Goal of the exercise:
Without the images, reproduce each line of the material exactly.
##### Supplied material
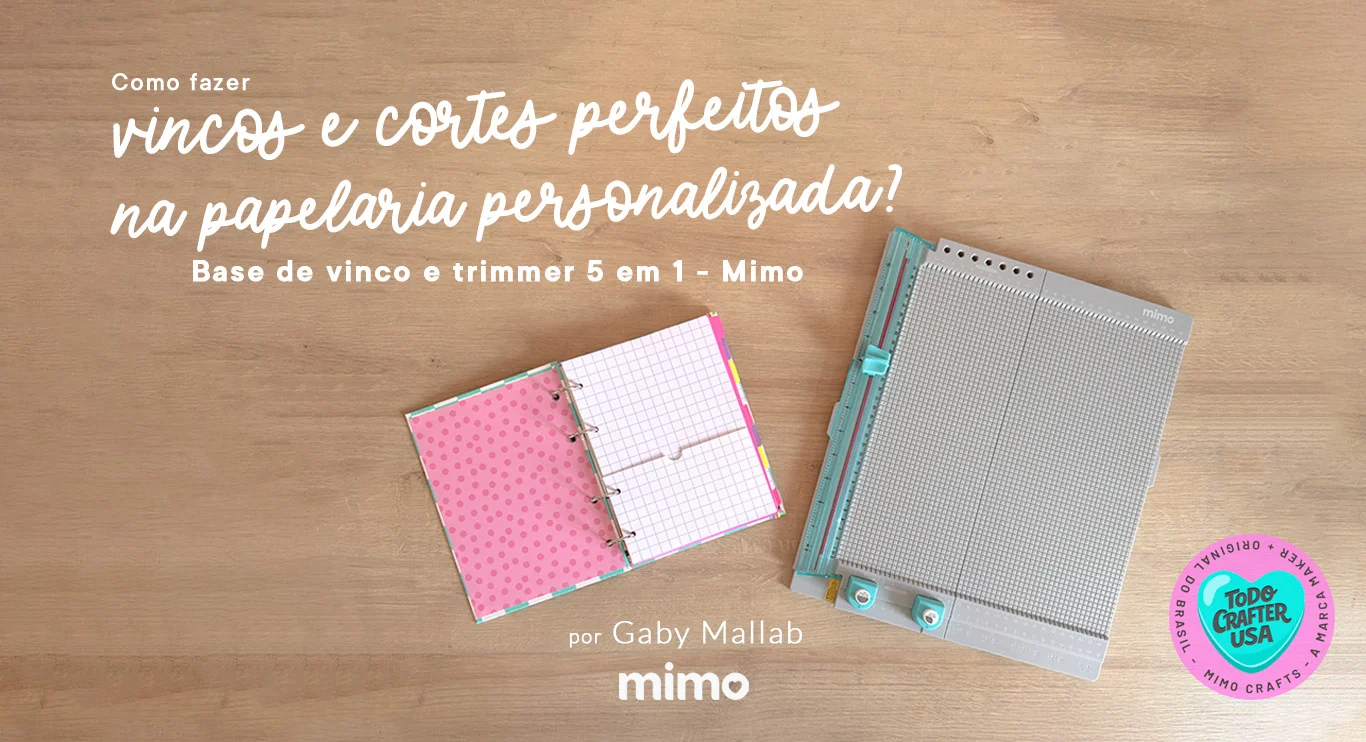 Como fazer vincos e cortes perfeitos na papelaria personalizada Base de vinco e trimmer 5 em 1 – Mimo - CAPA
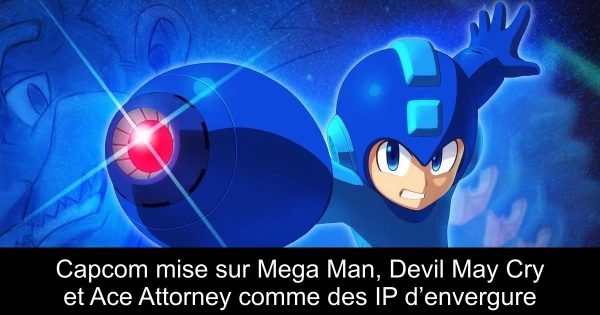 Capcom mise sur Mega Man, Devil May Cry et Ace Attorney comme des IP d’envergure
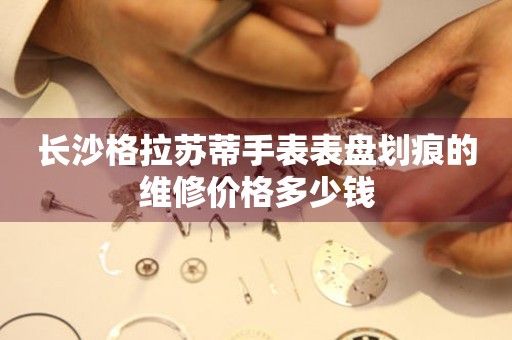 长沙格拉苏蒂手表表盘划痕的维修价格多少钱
##########
Solution to the problem:
 Como fazer vincos e cortes perfeitos na papelaria personalizada Base de vinco e trimmer 5 em 1 – Mimo - CAPA
 Capcom mise sur Mega Man, Devil May Cry et Ace Attorney comme des IP d’envergure
 长沙格拉苏蒂手表表盘划痕的维修价格多少钱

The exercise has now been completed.